Pero en España, con una democracia que nunca ha superado la adolescencia, todos estos sucesos han servido de combustible para reavivar un incendio que empezó aquel 11 de marzo de 2004 y no se apagó nunca del todo.
Todavía hoy, 20 años después de la tragedia, el runrún de todas aquellas disparatadas teorías sigue vivo en determinados círculos que alimentan también esa ola reaccionaria que se hace cada vez más fuerte en todo el mundo occidental.
De aquellos barros estos lodos y la política española se ha ido emponzoñando cada vez más hasta acabar metida desde hace años en un lodazal de difícil salida por cuanto lo que menos importa para muchos de sus representantes no es la vida de la gente sino ese encarnizado enfrentamiento partidista entre el PP y el PSOE para hacerse con el gobierno del país.

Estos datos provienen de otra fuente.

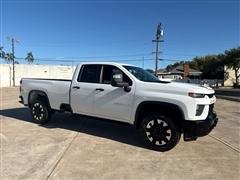 2020 Chevrolet Silverado 2500HD 
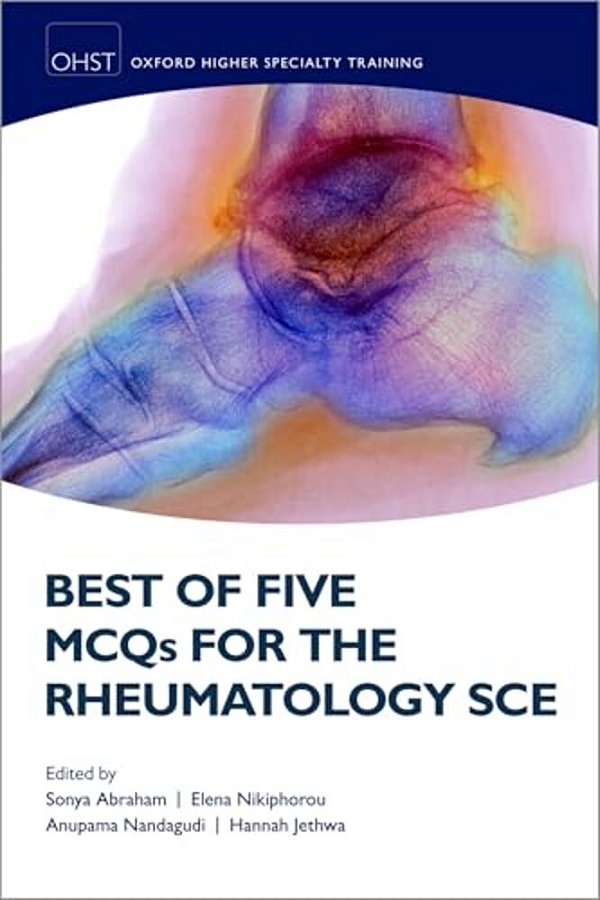 Best Of Five Mcqs For The Rheumatology Sce-..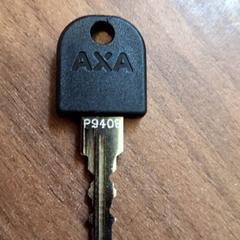 Sykkelnøkkel, som rapportert av Qbuzz DMG ved bruk av iLost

Para colmo numerosos medios de comunicación –maniatados por una propiedad completamente ajena a la profesión-, donde aquella máxima del periodismo «informar, enseñar y entretener», ha quedado desvirtuada por sus intereses de parte y unas redes sociales cada vez más infames han acabado alimentando un monstruo que fue vencido en la II Guerra Mundial pero nunca derrotado del todo.
Dando alas a una poderosa corriente en extremo conservadora, ultra nacionalista y xenófoba que ha hecho del odio un poderoso instrumento con el que está envenenando al pueblo, está poniendo a temblar los cimientos de la democracia y por ende todos los valores de la humanidad misma.